**DIRECTIONS**
Reproduced exactly, the lines from the start of the material through the line containing "Historic photos of" should be the whole answer, with pictures excluded.

╭─ DATASET

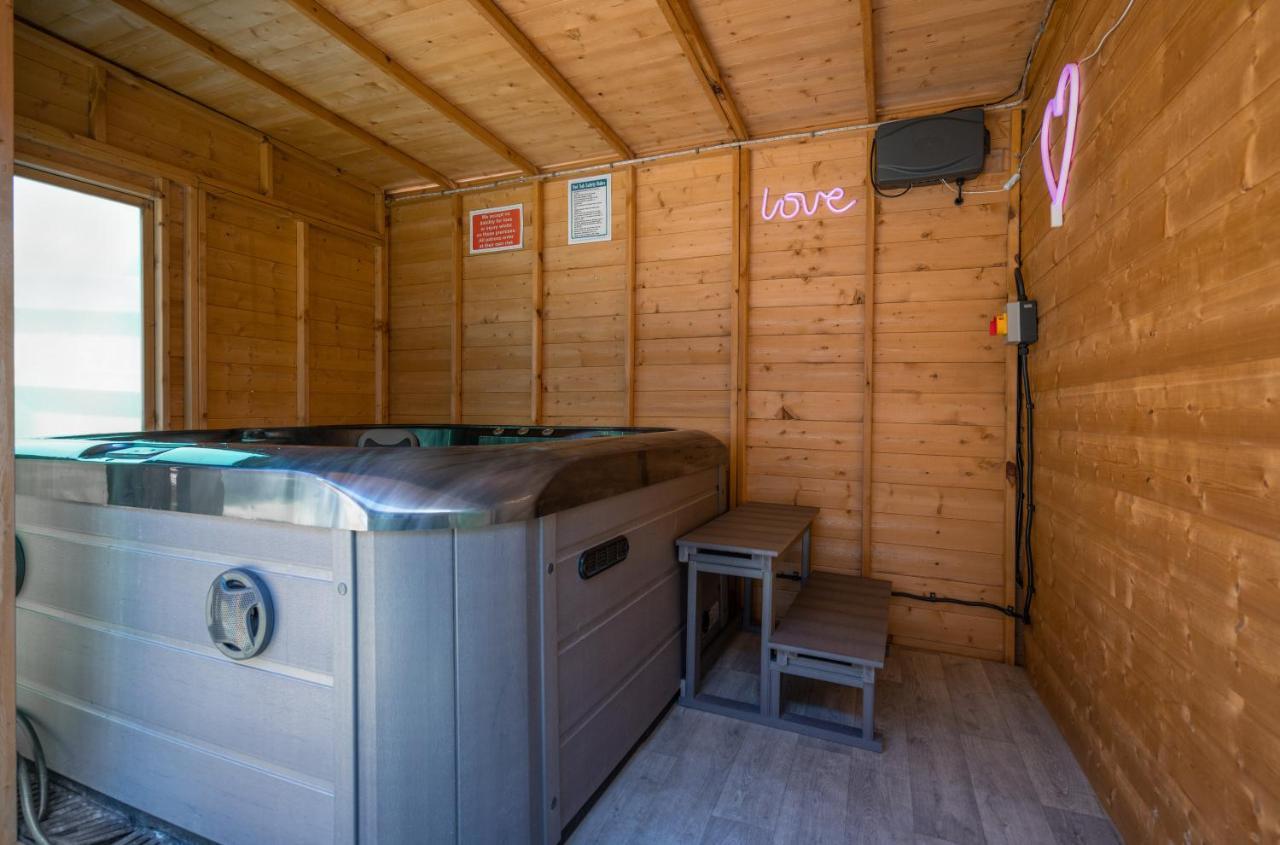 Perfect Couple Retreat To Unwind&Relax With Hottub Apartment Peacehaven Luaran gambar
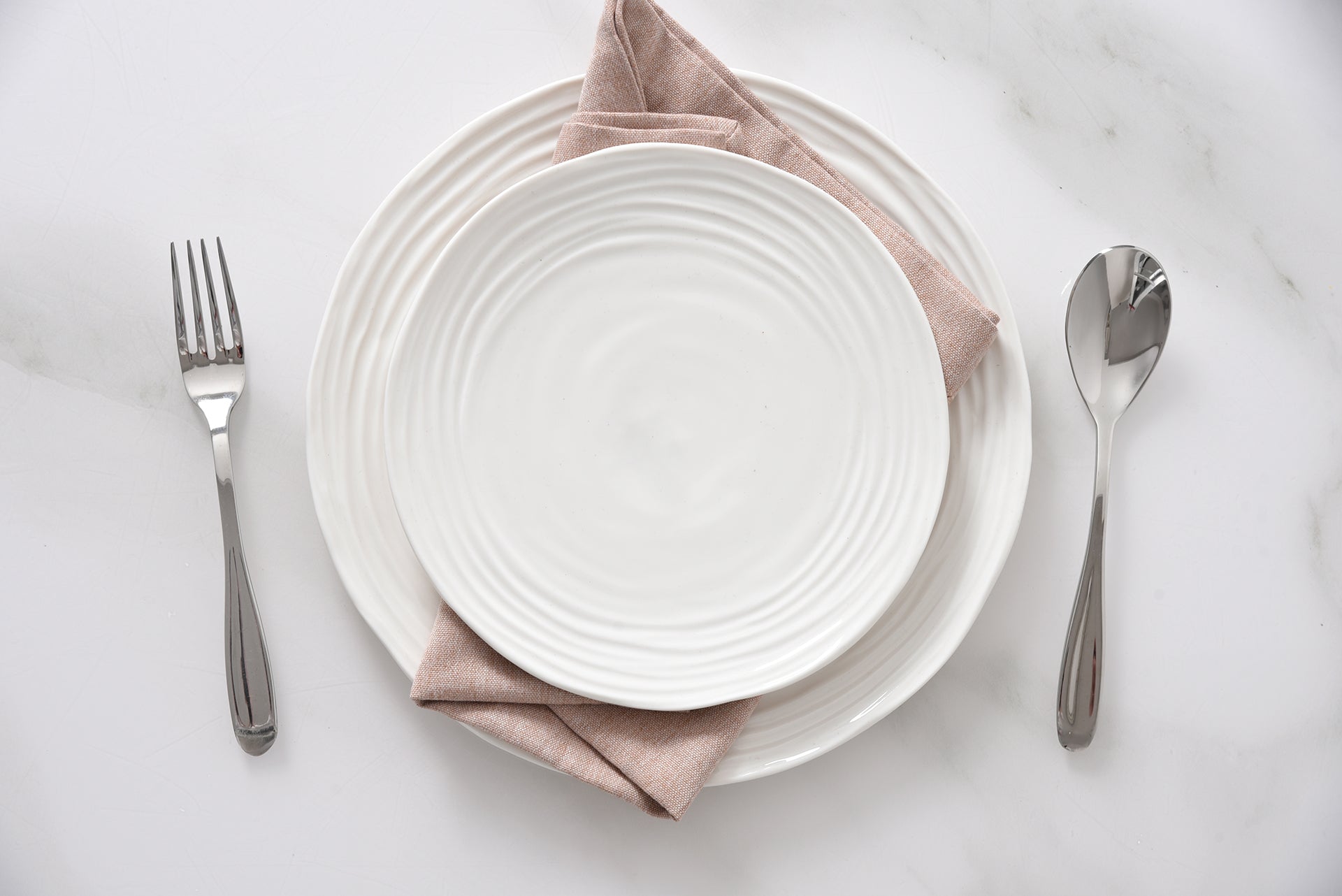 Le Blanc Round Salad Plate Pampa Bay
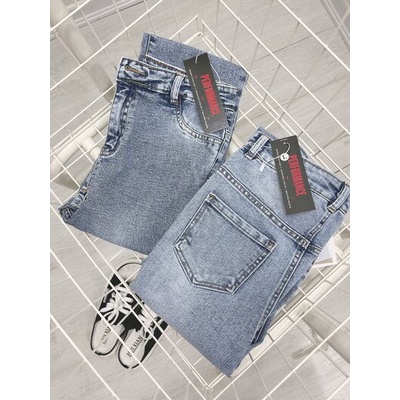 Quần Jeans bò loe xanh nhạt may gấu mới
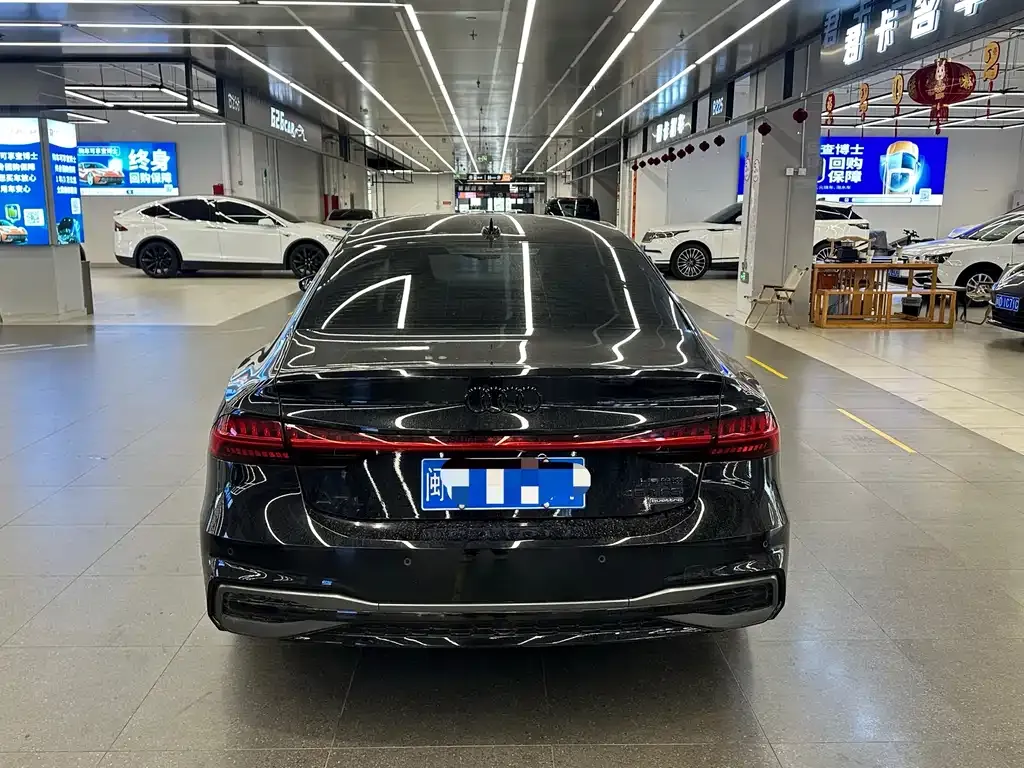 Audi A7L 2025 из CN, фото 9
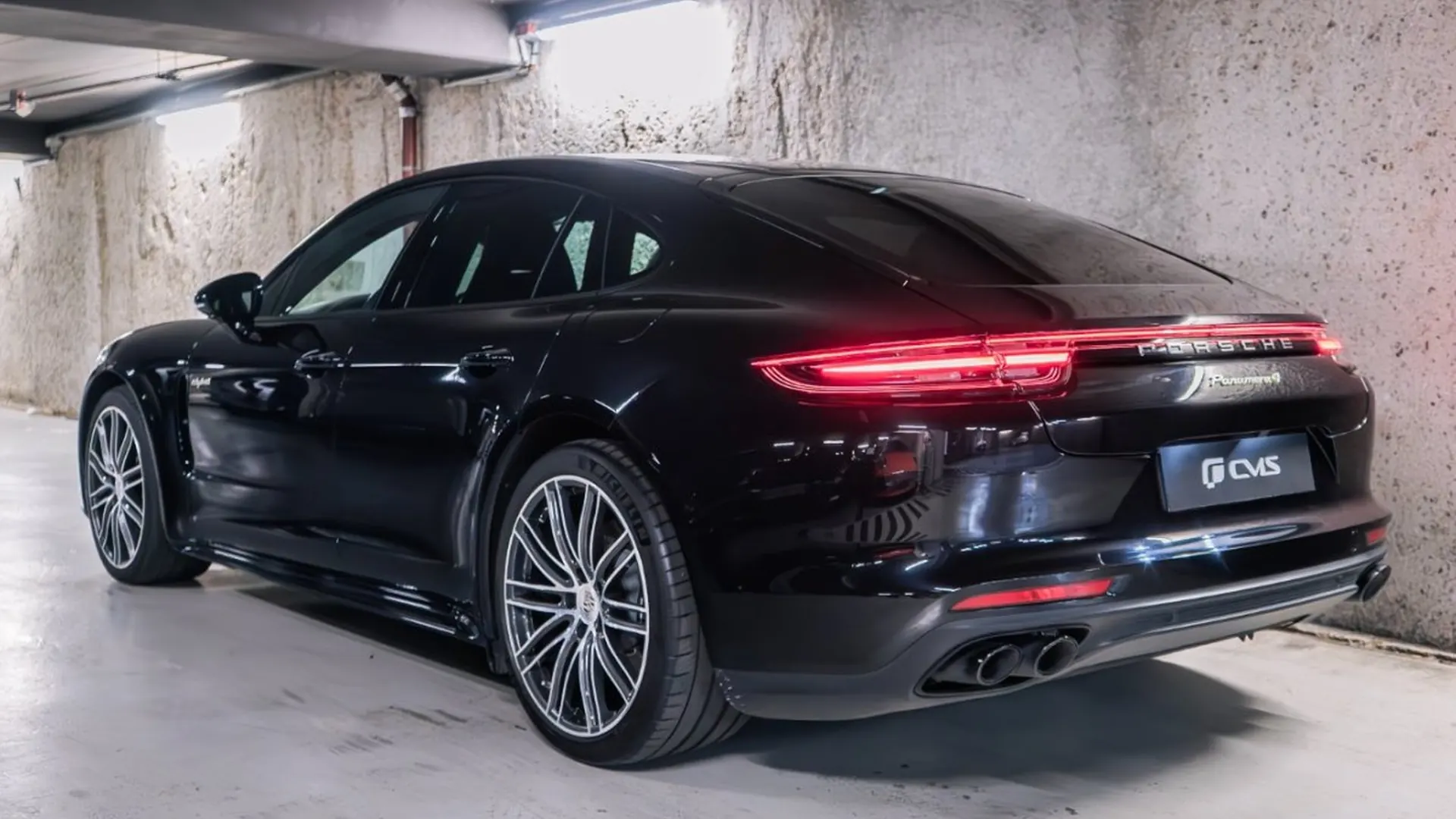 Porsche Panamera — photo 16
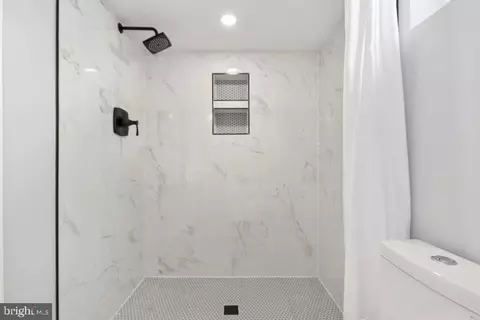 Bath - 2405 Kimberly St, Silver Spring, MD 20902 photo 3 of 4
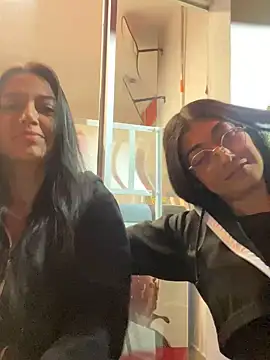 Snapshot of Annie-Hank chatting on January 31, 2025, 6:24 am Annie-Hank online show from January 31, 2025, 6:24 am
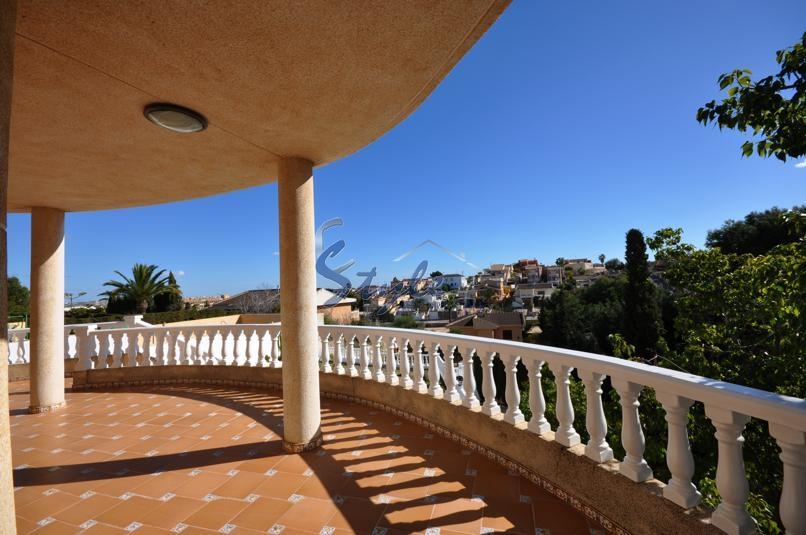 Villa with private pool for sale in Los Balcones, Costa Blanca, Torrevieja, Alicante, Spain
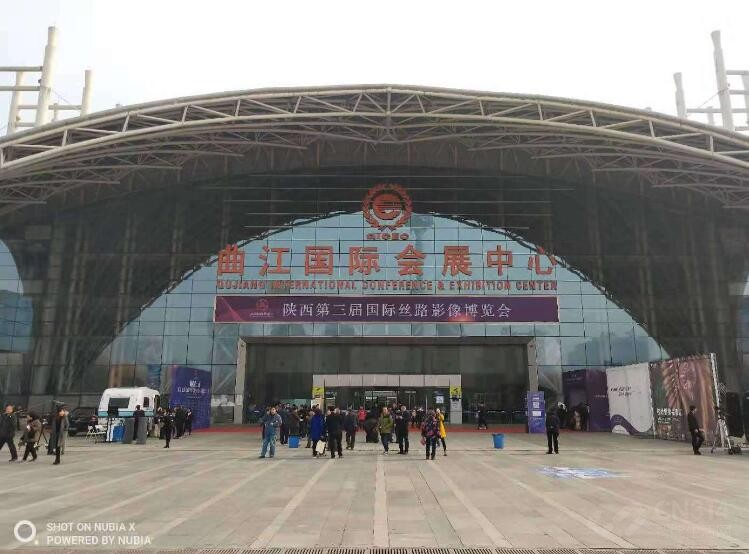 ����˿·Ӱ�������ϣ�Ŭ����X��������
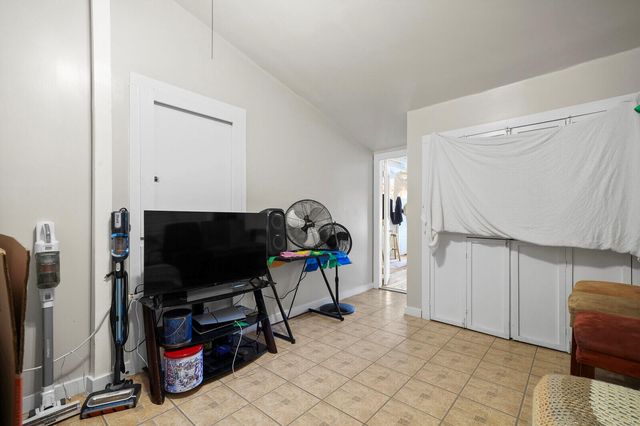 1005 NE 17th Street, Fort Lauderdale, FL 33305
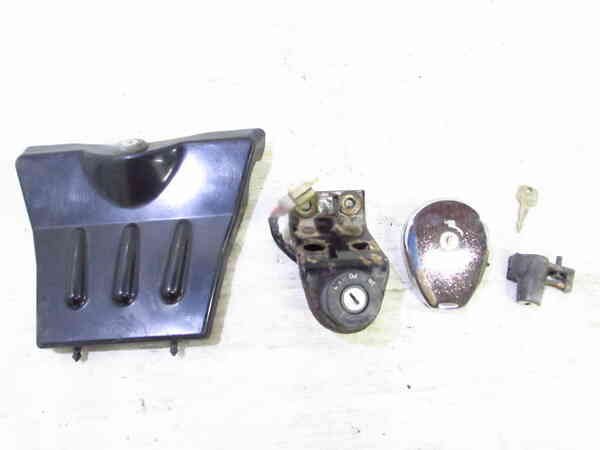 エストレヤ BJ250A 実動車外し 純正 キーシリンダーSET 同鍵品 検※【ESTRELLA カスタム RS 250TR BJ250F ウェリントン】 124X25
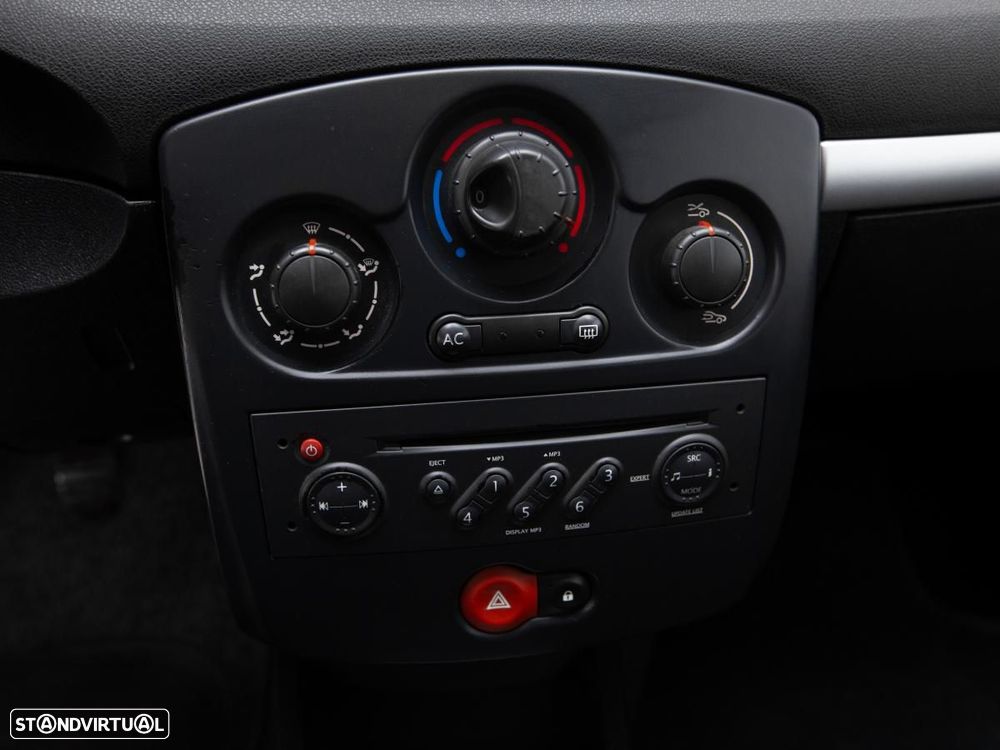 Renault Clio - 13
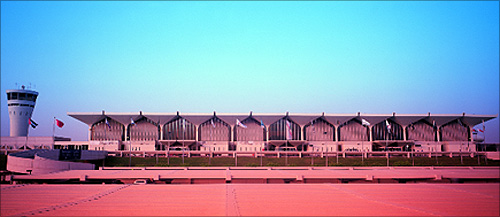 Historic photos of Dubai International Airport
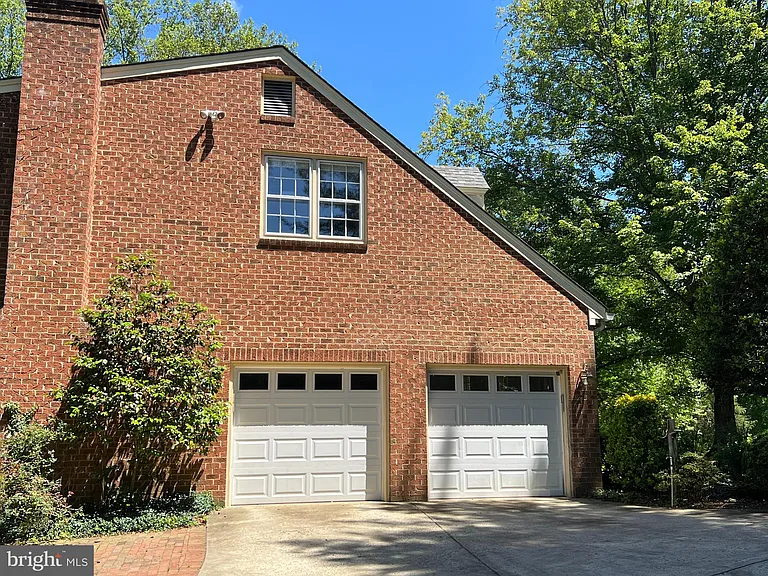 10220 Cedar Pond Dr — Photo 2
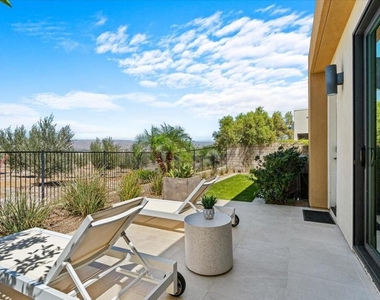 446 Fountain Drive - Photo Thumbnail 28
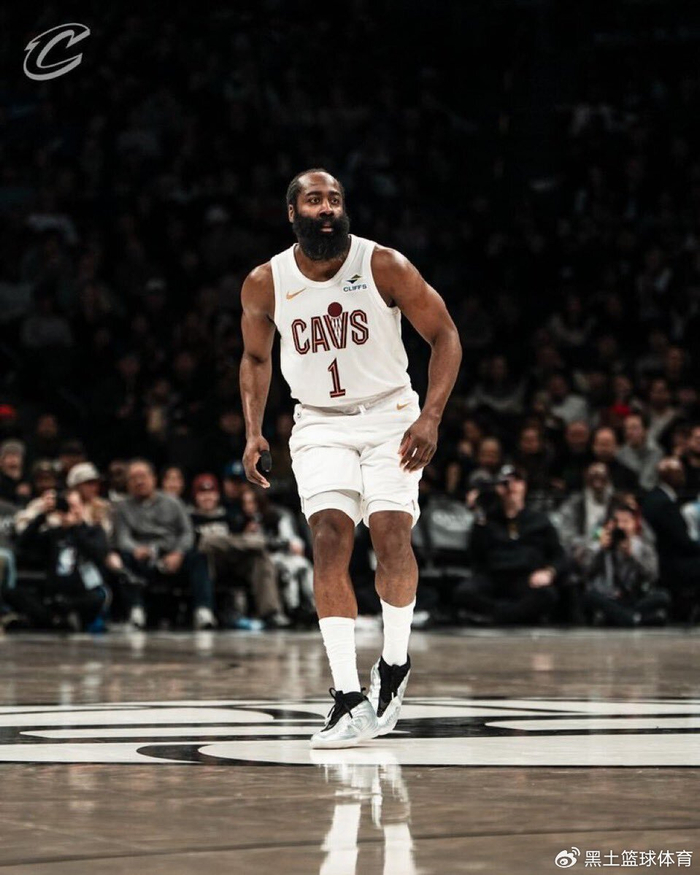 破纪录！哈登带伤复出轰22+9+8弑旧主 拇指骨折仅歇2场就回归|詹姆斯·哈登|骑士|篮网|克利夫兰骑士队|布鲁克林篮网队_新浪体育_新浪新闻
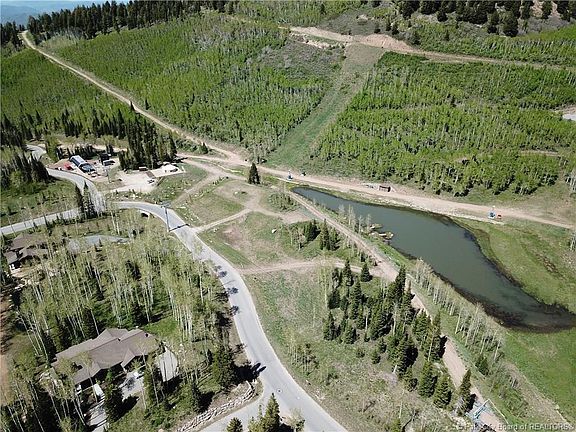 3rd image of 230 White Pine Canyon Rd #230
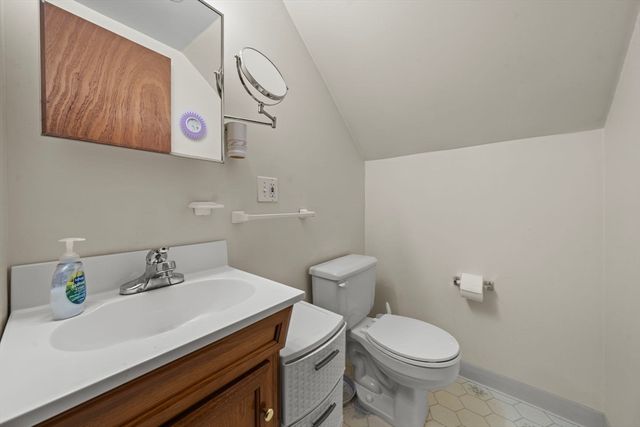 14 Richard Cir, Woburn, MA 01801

╰─

**SOLUTION**
 Perfect Couple Retreat To Unwind&Relax With Hottub Apartment Peacehaven Luaran gambar
 Le Blanc Round Salad Plate Pampa Bay
 Quần Jeans bò loe xanh nhạt may gấu mới
 Audi A7L 2025 из CN, фото 9
 Porsche Panamera — photo 16
 Bath - 2405 Kimberly St, Silver Spring, MD 20902 photo 3 of 4
 Snapshot of Annie-Hank chatting on January 31, 2025, 6:24 am Annie-Hank online show from January 31, 2025, 6:24 am
 Villa with private pool for sale in Los Balcones, Costa Blanca, Torrevieja, Alicante, Spain
 ����˿·Ӱ�������ϣ�Ŭ����X��������
 1005 NE 17th Street, Fort Lauderdale, FL 33305
 エストレヤ BJ250A 実動車外し 純正 キーシリンダーSET 同鍵品 検※【ESTRELLA カスタム RS 250TR BJ250F ウェリントン】 124X25
 Renault Clio - 13
 Historic photos of Dubai International Airport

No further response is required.